I am equally surprised that he changed his mind when he was in the moment. My aunt kept saying over and over that he had always said he didn't want "tubes," overlooking what he was saying at the time. She also did not think he should be informed about the choice or asked--which is just not ethical. I think her unconscious motivation is that she's doing a lot of the caregiving and would continue to do so and she is exhausted, exhausted by sitting in the ICU with my grandmother 11 hours a day, driving my uncle to and from work and taking care of some household needs when she's not.

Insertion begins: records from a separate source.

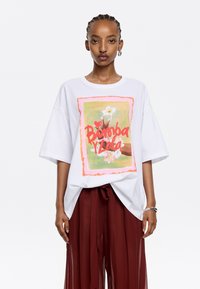 Una camiseta blanca de gran tamaño presenta un gráfico colorido de una mano sosteniendo flores con el texto "Binoba y Lola", sobre un suave fondo verde.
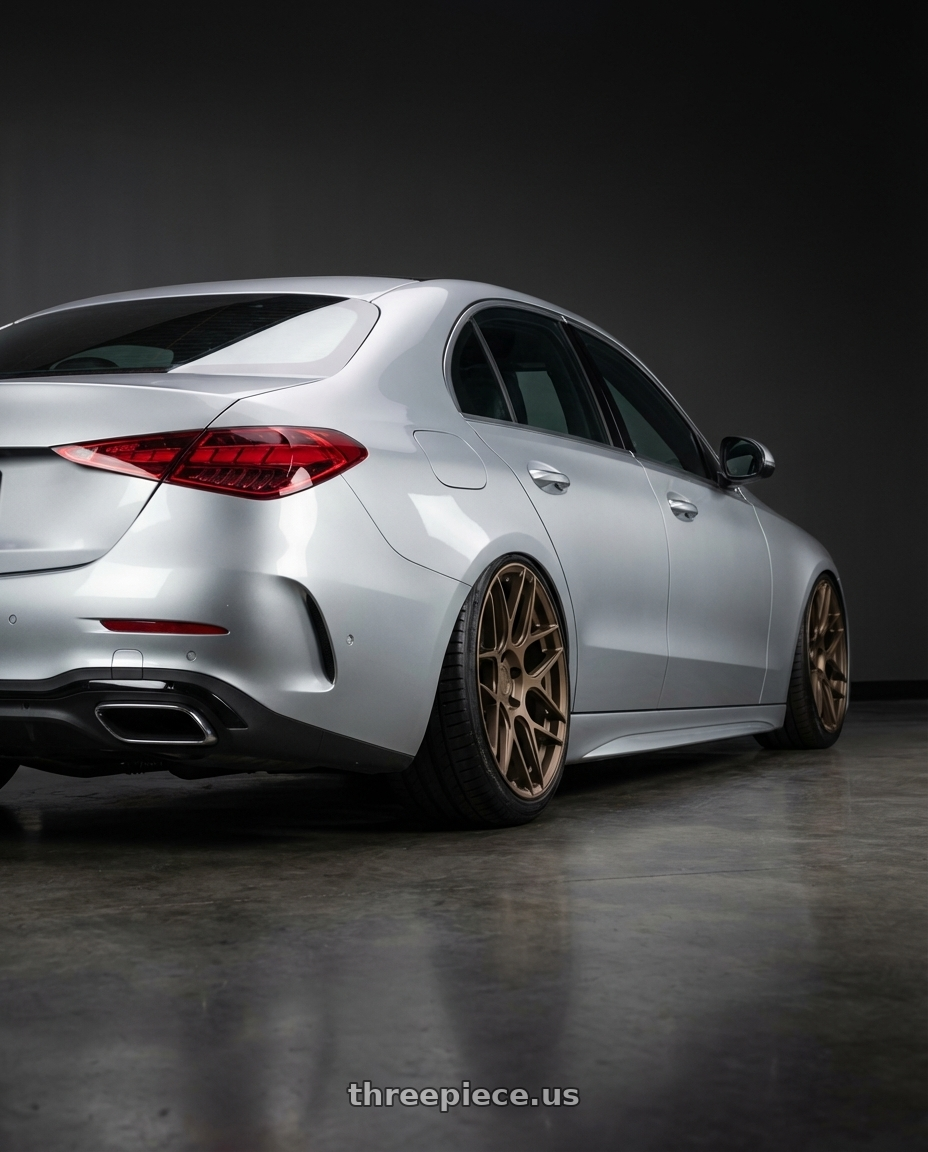 2022 Mercedes-Benz C-Class W206 with Aodhan AFF2 5x112 19x9.5+35 Matte Bronze wheels rear three quarter view slight stretch tires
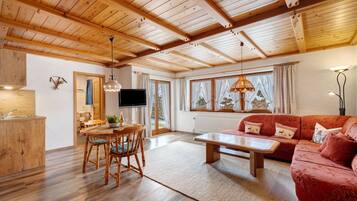 Ein Holzinterieur mit Essbereich, einer Couch und einem Fernseher.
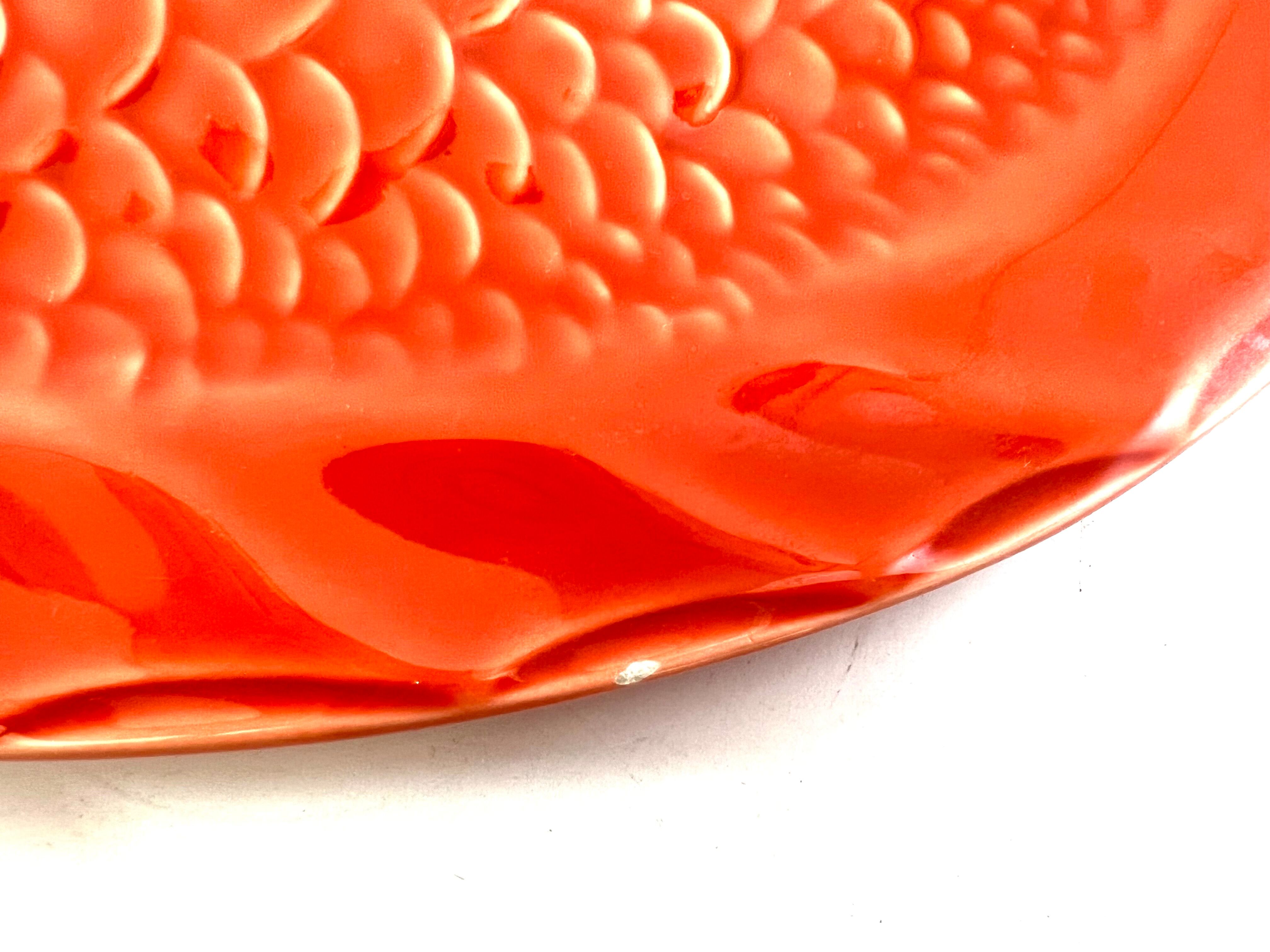 Orange fish dish Christian Dior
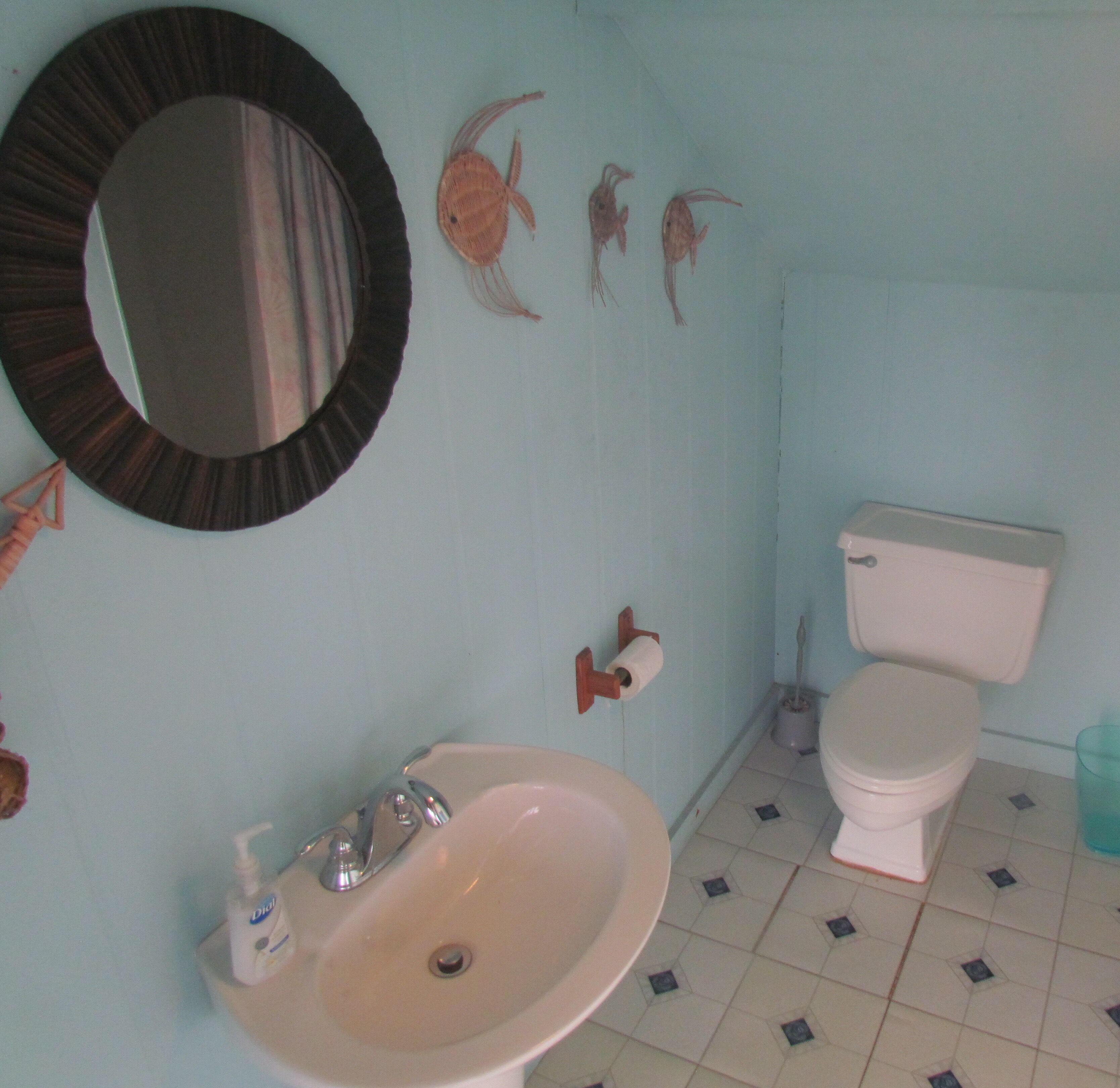 Un baño con lavamanos, inodoro y espejo.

The doctor also asked my grandmother if she was sure, and she told the doctor, "ask him," and pointed to my grandfather, and he did. I think in ICU they have so many patients who cannot speak for themselves that sometimes doctors and nurses forget when they can--and that's terrible. I can see that someone's rights can disappear in an instant just because it's more difficult for them to communicate.
Thanks to Yanub and OSM for your comments the other night--they were extremely helpful. You were right; why were they discussing what he said in his living will when he was still lucid? Why did the nurse tell my grandmother she had some difficult decisions to make when my grandfather could speak (albeit he had difficulty making himself understood on that oxygen mask and with his dentures slipping, but he could communicate that much).
I also don't understand why physicians don't communicate more clearly about trachs, how they work, and the care required. I imagine that many more people might opt in if they understood, while others might choose otherwise. I had to explain to my sister later why he was making this decision because she did not understand and I could sense that she was aghast when my mother phoned her. To her, if not to most, life support means indefinite survival on a respirator in the hospital while unconscious.
Most of all what surprises me is how simple many advance directives are--a couple of yes/no check boxes only on my grandparents'. My own decision making would be a lot more complex and have a lot more conditionals than that. Here is a sample of an advance directive from the American Academy of Family Physicians that has a few more choices than some advance directives:
Check the language on artificial nutrition/hydration, for example:
I do not want artificial nutrition and hydration started if they would be the main treatments keeping me alive. If artificial nutrition and hydration are started, I want them stopped.
I don't know that I would refuse a feeding tube or rehydration if I could not take food in by other means, though I'd probably not want that not be done if I were not conscious or aware, having to be tied down, and would not live long. But dehydration or starvation would be horrible ways to go. There are children and adults walking around with feeding tubes, so I can't say I'd want to end life on that basis alone. I've seen someone express that she would, though. I wouldn't want to be intubated indefinitely but I really don't think that I'd turn down a trach.
There's just so much gray area between those fill-in-the-blanks! And what do people consider terminal, and at what point?